§ **SOURCE MATERIAL**
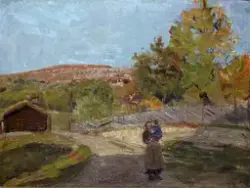 Sommeraften [Maleri]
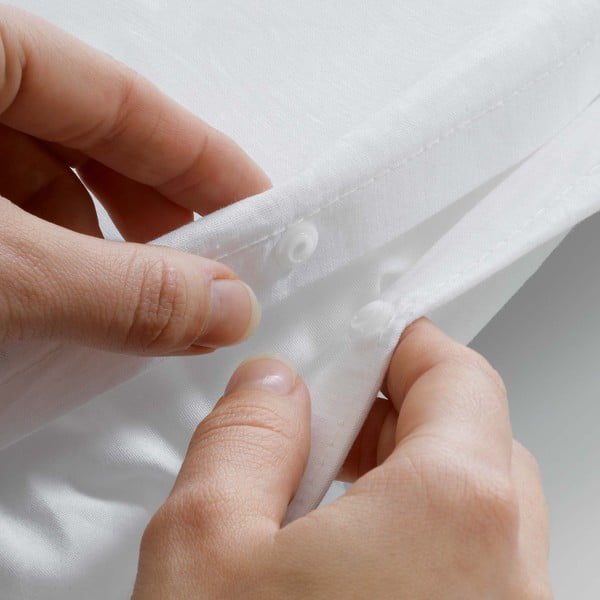 Melna divguļamā kokvilnas gultas veļa 200x200 cm Crazy Love – douceur d'intérieur-image-4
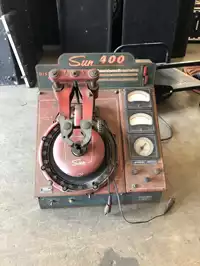 Image of Vintage Bearing Alignment Unit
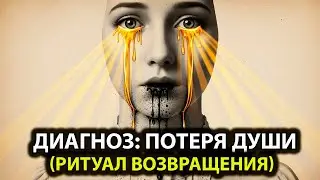 ДИАГНОЗ: ПОТЕРЯ ДУШИ. (Ритуал возвращения)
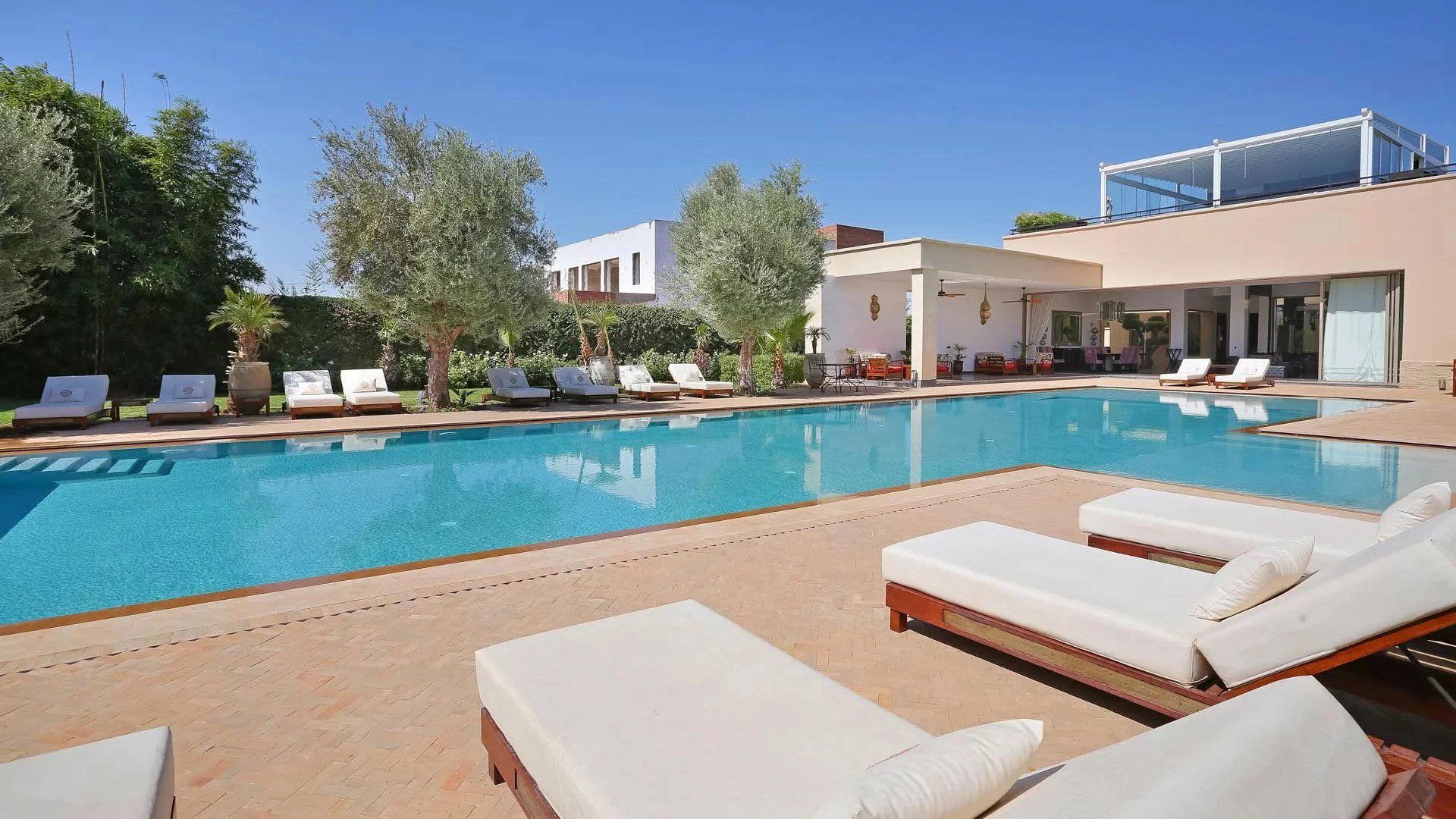 Acheter Villa 10 pièces 750 m² Marrakech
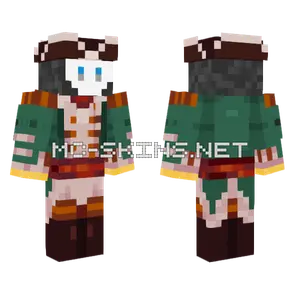 Mastere08 Cowboy Hat Minecraft skin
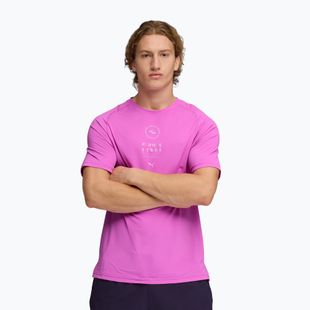Tricou de antrenament pentru bărbați PUMA x HYROX Dryelite Training Tee roz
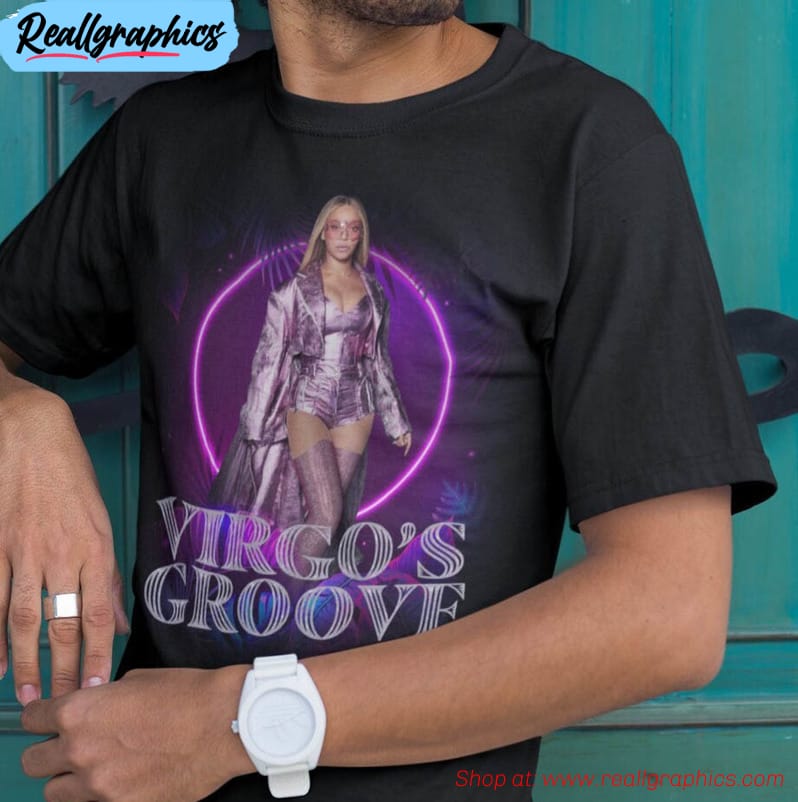 renaissance virgo groove shirt, trendy crewneck long sleeve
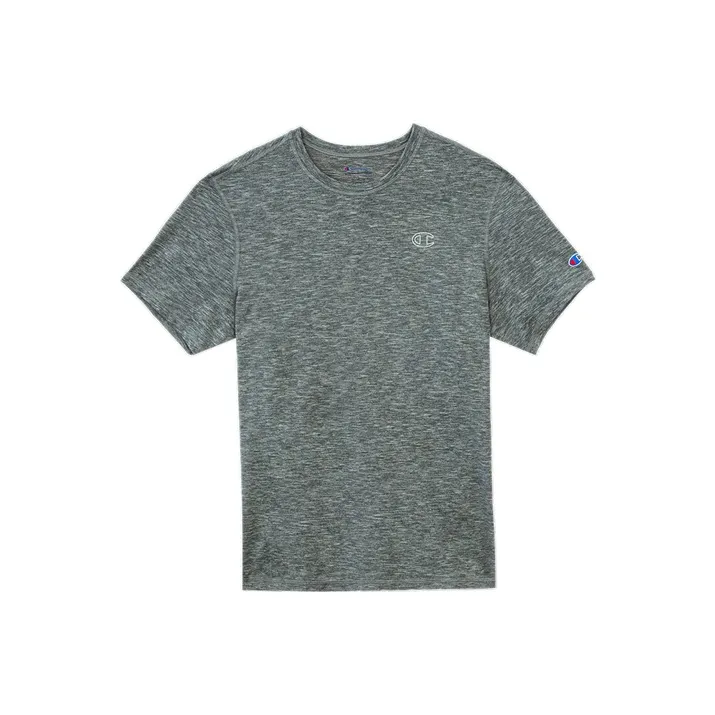 Champion Straight T-Shirt US Version Unisex Dark Gray-0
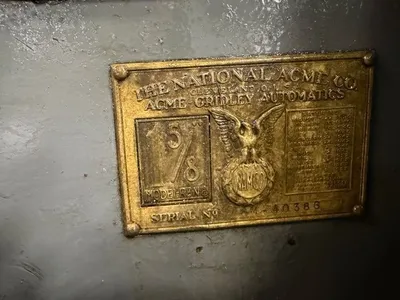 1971 ACME 1-5/8" RBN-8 Multi-Spindle Screw Machines (Cam) | Graff-Pinkert (3)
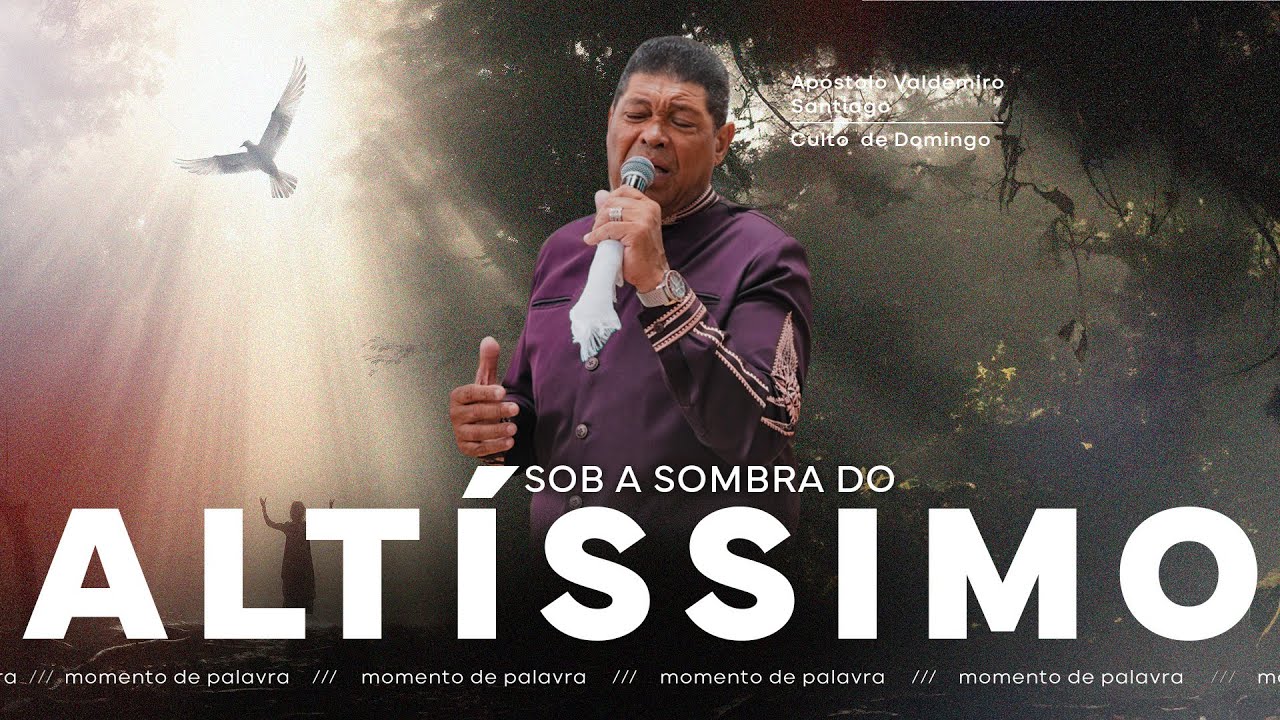 Momento de Palavra com o Apóstolo Valdemiro Santiago!     21/04/24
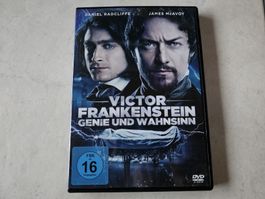 Victor Frankenstein  -  Genie und Wahnsinn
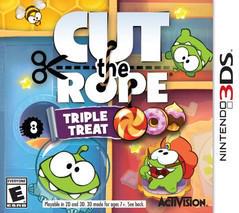 Figarden - Blue Shell Gaming - Cut the Rope: Triple Treat - Video Game - Nintendo 3DS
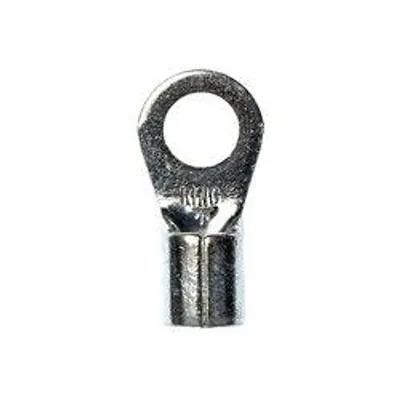3M™ Scotchlok™ Terminal de ojillo sin aislamiento, M4-38RX, lengüeta tipo ojillo estándar se ajusta alrededor del birlo
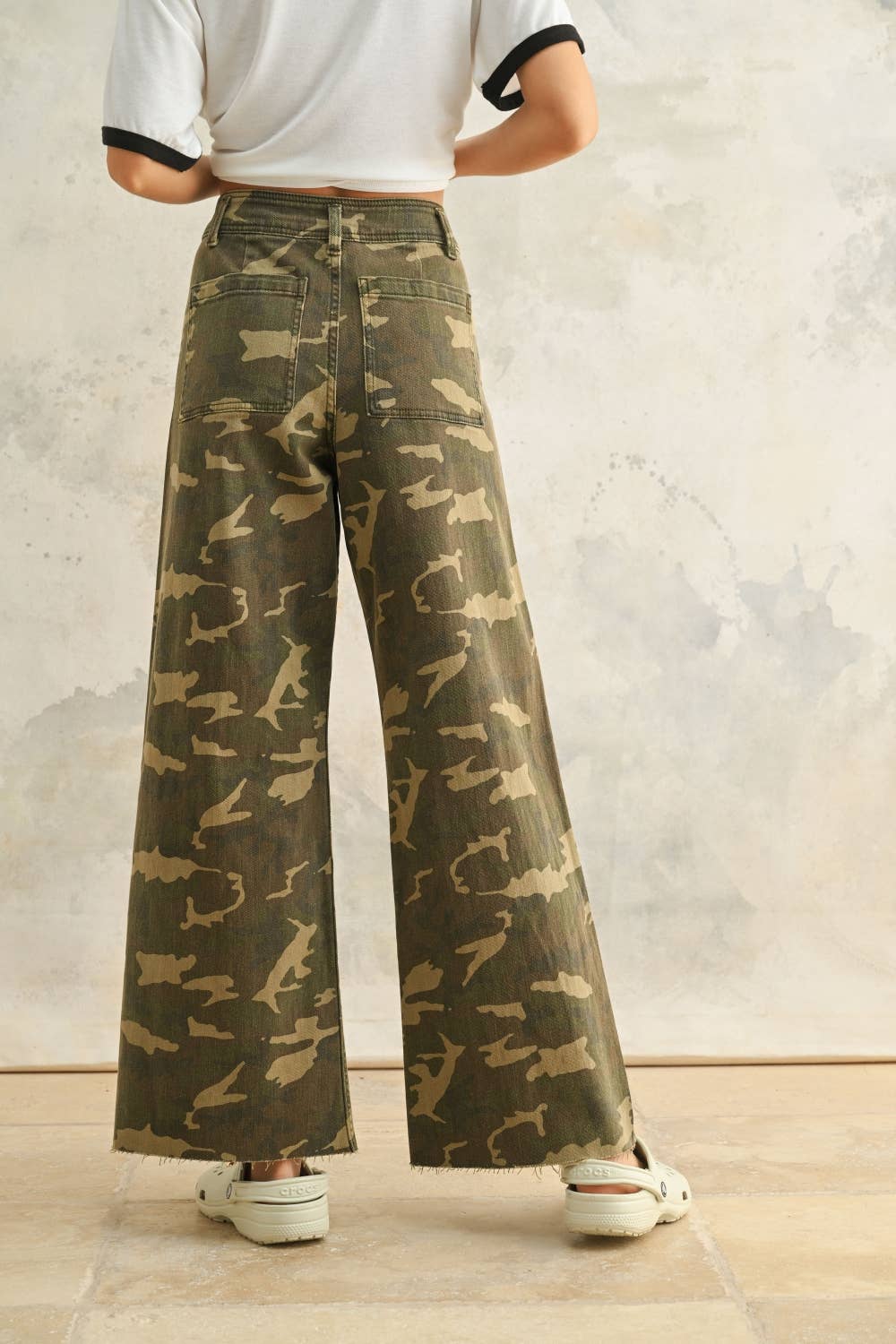 Everyday Camo Pant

§ **ASSIGNMENT**
Leaving the pictures out, give again word for word each line from the one holding "3M™ Scotchlok™ Terminal" through the end of the records.

§ **TASK OUTPUT**
3M™ Scotchlok™ Terminal de ojillo sin aislamiento, M4-38RX, lengüeta tipo ojillo estándar se ajusta alrededor del birlo
 Everyday Camo Pant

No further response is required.